When one of the kids of this small community goes missing and another one pops up out of nowhere with special powers. It will mobilize certain groups of the population to finally take charge and find out the true reason behind the young boy's disappearance and the government's interest in all of this.


A show's success lies not only if it can be groundbreaking but also in its innate ability to keep you engaged throughout an entire season with likable characters that are on worthwhile or even frightening adventures. And while this may be a throwback to 80's pop culture from Stephen King novels to Spielberg films and using various elements that suits them. From a synth soundtrack to a small town community similar to 'Twin Peaks' (which makes sense as they wrote 'Wayward Pines' episodes) or even 'Halloween'. It is a show worth watching all nostalgia talk aside. As people are after the viewing of the show still talking about it regardless of the endless pop culture references, smart easter egg memorabilia and subliminal referencing. Something that proves you can follow a trend without being annoying about it. 

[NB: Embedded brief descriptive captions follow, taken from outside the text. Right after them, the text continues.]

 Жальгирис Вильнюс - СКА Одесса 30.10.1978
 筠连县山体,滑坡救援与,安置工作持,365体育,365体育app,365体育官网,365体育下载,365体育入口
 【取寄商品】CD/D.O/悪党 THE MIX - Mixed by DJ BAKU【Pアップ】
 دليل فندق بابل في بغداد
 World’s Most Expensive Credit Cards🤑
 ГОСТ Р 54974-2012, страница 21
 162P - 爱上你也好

In general, this is how films of the 80's survived and thrived on with small knit groups banding together to fight evil and explore the world around them. Think of 'Goonies' or 'E.T.' and you will surely know where this show takes its cues from. Similarly, the film 'Super 8' tried to do the same but in the end was too much of a homage and downer to get people on board. 'Stranger Things' trick is that it's fun, romantic and very funny at times. It has good mix of flashbacks to get a deeper understanding of the characters, enough time for all of them to have an arc of sorts and most importantly the kids act like kids and the adults act like adults. With their priorities being in order and jumping in the face of danger for different reasons based on their age and character.

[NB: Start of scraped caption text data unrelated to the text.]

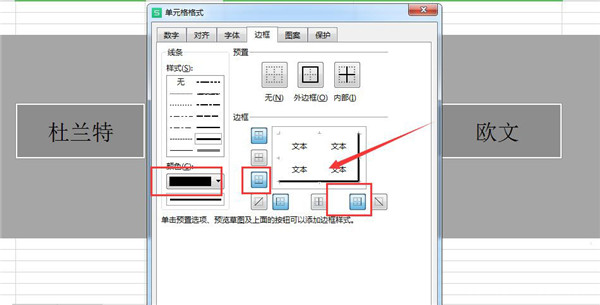 办公软件使用之怎么添加excel表格立体效果？excel单元格添加三维立体效果的技巧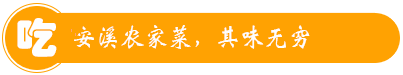 安溪尤俊農(nóng)耕文化園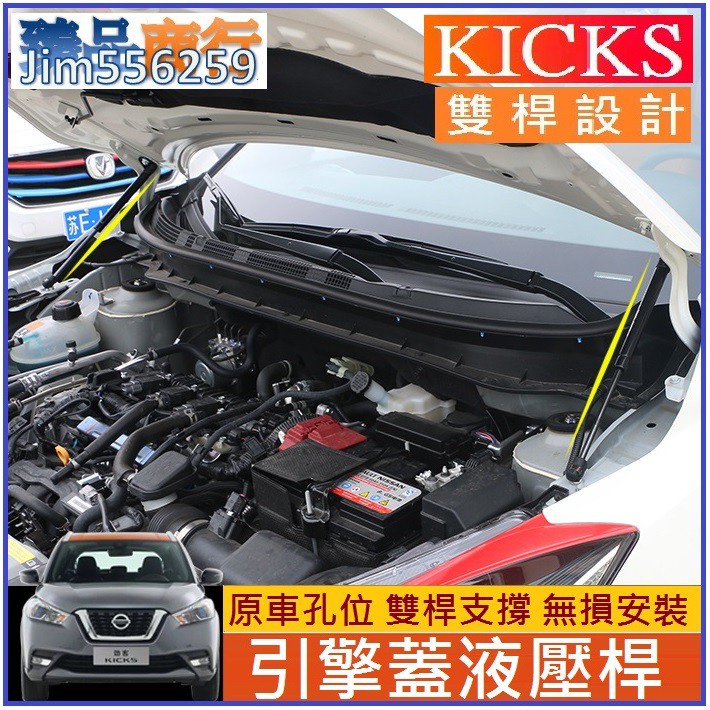 NISSAN 日產 2017-2023年款 KICKS kicks 專用引擎蓋液壓桿(雙桿式) 機蓋支撐桿 自動升舉器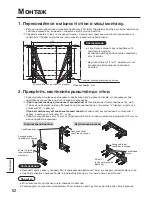 Предварительный просмотр 62 страницы Panasonic TY-WK103PV9 Installation Instructions Manual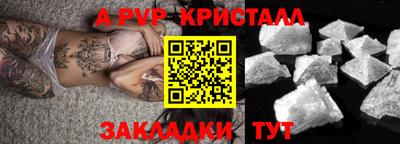 каннабис Пенза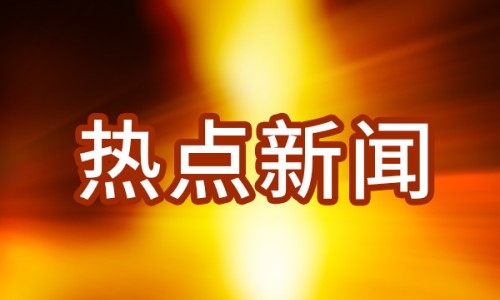 英媒報(bào)道“中國(guó)崛起為學(xué)習(xí)中心，西方需反思”（環(huán)球時(shí)報(bào)）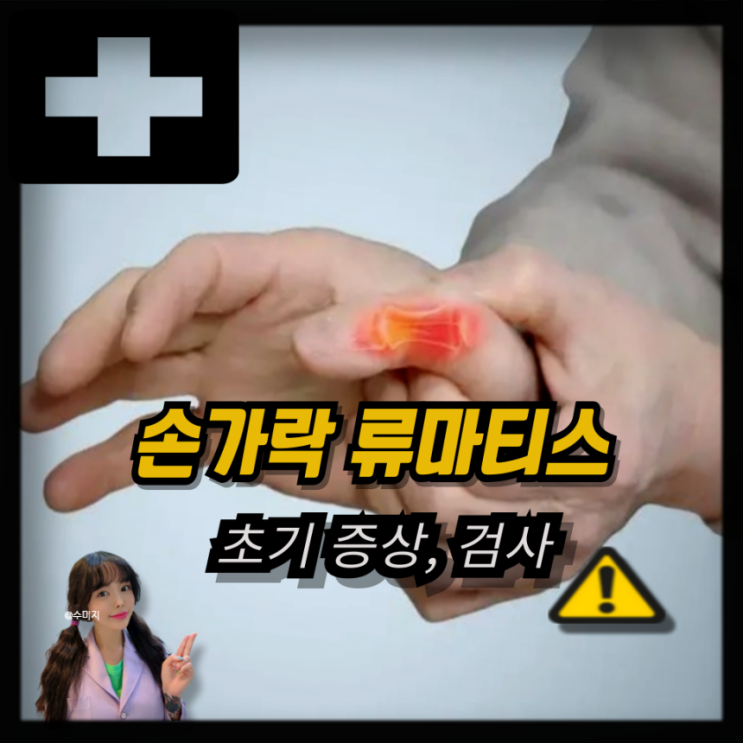 류마티스 관절염 초기 증상 손가락 류마티스 검사 치료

Furthermore, the cast and the simplicity of their stories is what makes this show incredibly enjoyable. Not so much the alien inter-dimensional stuff and many of the other sci-fi elements. It's about Eleven and her bond with the kids group, every main character's determination to find Will and for each them to become the person they aspire to be or run away from. Such as the jock running away from being the stereotype and falling in love with the geek, or the geek succumbing to the stereotype and falling for the jock and the band of kids who are total science nerds but the real thrill seekers and heroes of the story. 

Nevertheless, my joy for the unexpected level of great acting from the children, the very well written small town quaint characters and consistent intrigue of the fate of certain characters and bond between them. The show is still a run of the mill sci-fi monster show, with no real mythology to it, no over arching conspiracy and deeper meanings either. Now, this could also be considered to be to the show's advantage that it isn't so complex. As it really is a great go to casual show to suggest to anyone to watch. However, one thing that should have been fixed was the visual effects of the film as they aren't particularly impressive. The practical effects may be passable and even when Eleven uses her powers you kind of buy it. But when the monster comes on screen you can see they needed another million here and there to spruce it up. While also the 'Under the Skin' rip off/homage from Eleven's under the water sensory deprivation was something awkward to experience.

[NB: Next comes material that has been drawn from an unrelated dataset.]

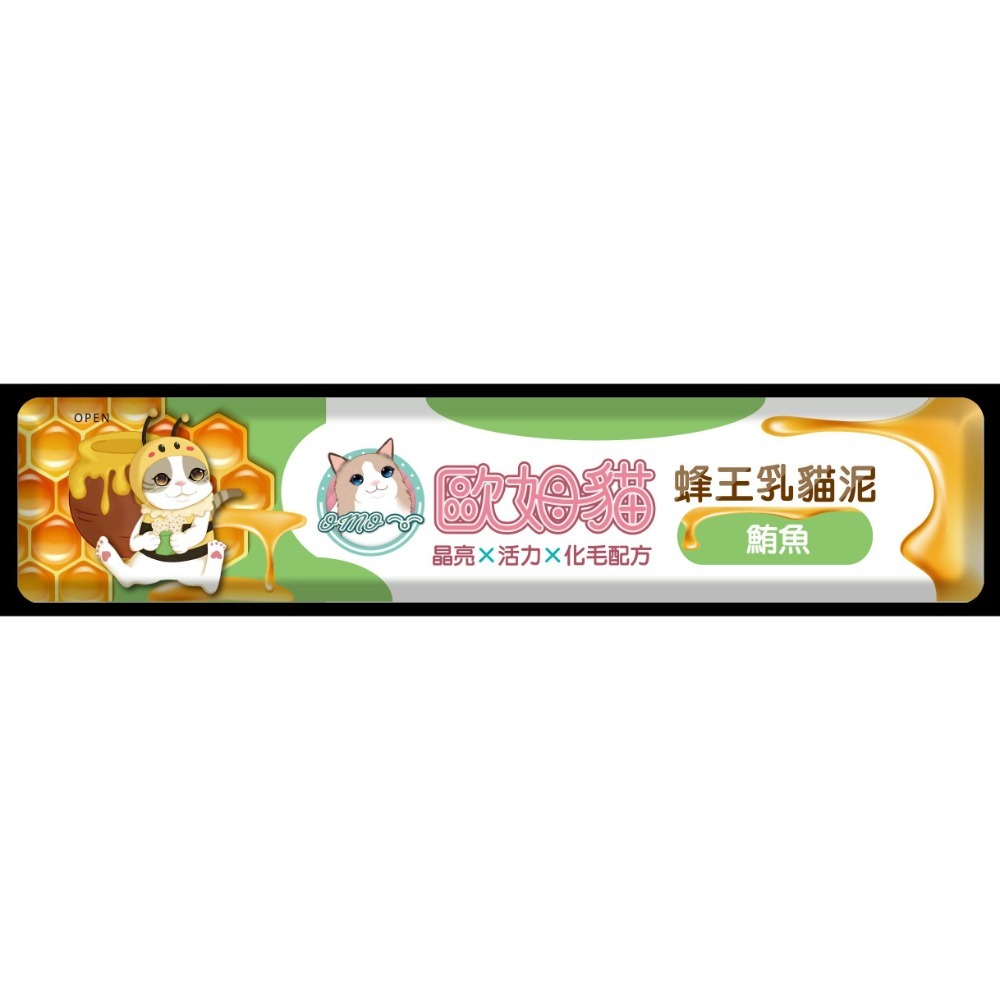 鮪魚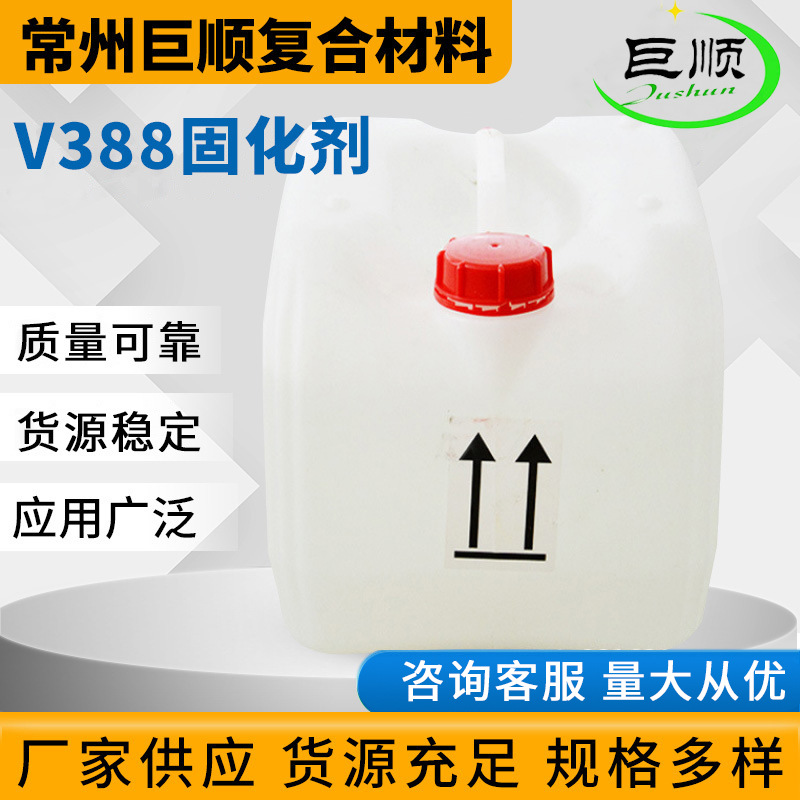 供应V388固化剂 常用型不饱和树脂 常温固化树脂固化剂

Now this shouldn't take away from the experience that anyone might have with the show, its just difficult for myself to hear individuals rave about the great entertainment that this is or how this was what was missing from television when they have never seen 'Twin Peaks' or even the 'Twilight Zone'. While also forgetting that some will see it just as great causal entertainment and not another TV milestone that we all try to make out these shows to be.


This show could have been destined to fail on any other network but a little creative freedom while also a great array of talent and judgment for the product on screen played a role from having this show be yet another gimmick. As its trip down nostalgia lane is a sensationally worthwhile experience without boring moments, complicated deeper meanings or facetious story-lines.